Sometimes ballpoint pens get "blobs" of ink on the ballpoint tips. If you don't notice a blob on your ballpoint pen tip, it can leave a blotch or a smear on your writing, which is annoying. I can wipe them off with a tissue or rub them off on scratch paper. 

Some pens get them, some do not. You cannot look at a new refill and predict what will happen in the future. The refills may be cheap or they may be expensive, high quality refills. The ink may be standard or gel or whatever. All I know is that it is unpredictable. Once a blob appears on the pen tip, they tend to reappear on that same tip even if you clean it off. 

They seem to happen "by magic." I store the most frequently used pens in the retracted position (click or twist). They are kept vertically in a "cup" type holder on my desk and in the shop. Some less frequently used pens are stored horizontally in the desk drawer. 

-> What causes those ink blobs? What can be done to fix it? If it happens on a pen, is there a way to prevent it from reappearing, other than replacing the refill and hoping that it does not happen again?


----------



## SteveG (Mar 26, 2021)

Quality of refill is important. I have not experienced this issue with Schmidt Easyflow 9000 M (Rollerball). I seemed to regularly be a problem with the style of refills used for slimline pens.
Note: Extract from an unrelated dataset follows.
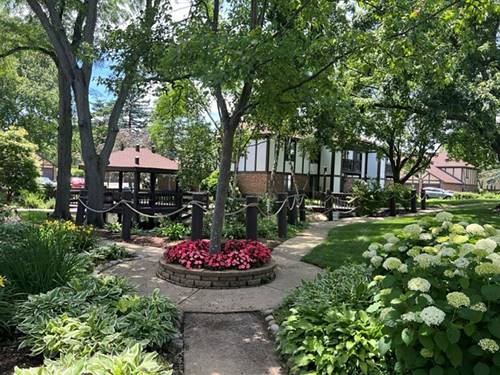 880 Johnstown Unit B, Wheaton, IL 60189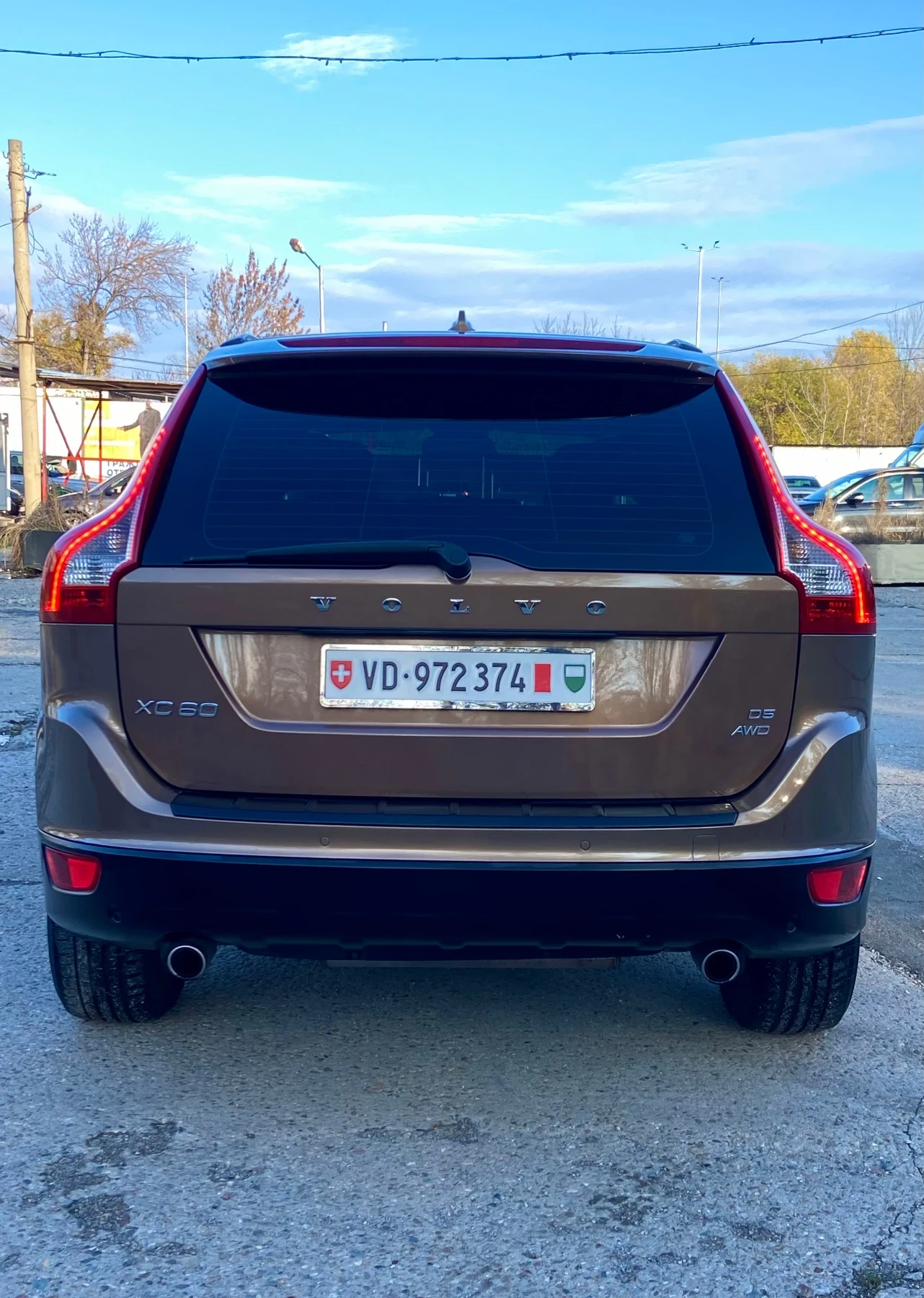Volvo XC60 2.4-D5 215.. SUMMUM | Mobile.bg   3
My solution:I stopped making/selling pens with that style of refill.


----------



## bmachin (Mar 26, 2021)

Just  spitballing here, but could it be that it only happens with specific types of paper?

Bill


----------



## penicillin (Mar 26, 2021)

bmachin said:


> Just spitballing here, but could it be that it only happens with specific types of paper?


Hi Bill - Thanks for the reply.

No, the blobs are on the tip of the pen refill before they touch the paper. I pull the pen out of the cup, click or twist the mechanism to extend the tip, and there it is, waiting to smear on the paper. 

This is common problem. People have encountered it in normal life as long as I can remember ballpoint type pens. 

The reason I started the thread is that I don't know why they happen, what causes them, and what can be done about it - if anything. I thought that perhaps some of the pen experts here might know something more.


----------



## monophoto (Mar 26, 2021)

I think its a matter of quality.  I've never seen the problem with real Cross refills, but it is a rather common experience with Bic refills.


----------